The other provision is what’s known as the “Cadillac tax.” Health insurance benefits are tax deductible, but some legislators question whether that deduction should have a limit. The Cadillac tax imposes a limit on that tax deduction. Employer-based health plans exceeding $10,000 in premiums per year for an individual or $27,500 for a family are subject to a 40 percent excise tax. Under the ACA, that requirement was set to begin in 2020. The AHCA would postpone that to 2025.  

That postponement puts the effective date beyond the term limits of the current president, just as the effective date did under the ACA.
Exactly.

Who are the winners and losers with this new plan?
If you’re affluent and healthy, you’re a big winner. If you’re less affluent and have a chronic disease, you lose out. People who are poor will, by and large, be worse off under this new scenario.

It seems that those who are poor and sick don't really have a voice in what new bill is enacted.
They don’t have very much of a voice. Although, in recent town hall meetings, health care has been an important issue. People who are sick and didn't have insurance before the ACA and are now insured are becoming quite vocal.

What do you think has been a major problem with the ACA?
Because of how the exchanges were designed, insurance companies have dropped out. As a result, the competition is not as robust as was anticipated. That needed to change.

Is this why insurance companies on the exchange increased their rates by 25 percent at the start of this year?
That increase happened for two reasons. First, the lack of competition meant companies were free to raise prices. Second, the proportion of healthy people enrolling in the plans did not meet expectations, so the expenses were higher than anticipated.

The problem is that this new legislation will make this situation worse. Healthy people will be more likely to stay away from insurance with the newly proposed plan than they were before.

If insurance works best by having a mixed-risk pool, then is that an argument in favor of universal coverage?
That is essentially what the ACA was trying to accomplish by making health care affordable to the poor and mandating that everyone, including the healthy, have insurance.
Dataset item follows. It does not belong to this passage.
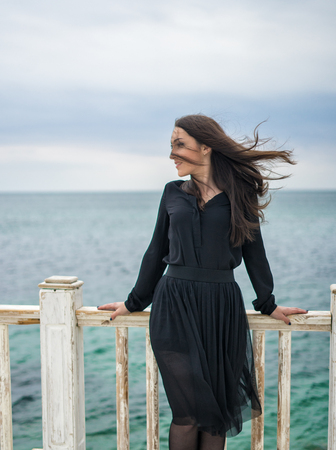 brunette girl in a black dress posing on the pierの写真素材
When we take that mandate away, we will be left with sick people buying insurance and healthy people staying out of the market.

Then again, questioning the requirement to spend one’s money on health insurance, especially if you’re healthy, is understandable.
Nobody wants to be told to do something. But if only people with health issues enroll in health care plans, then the price becomes prohibitively expensive.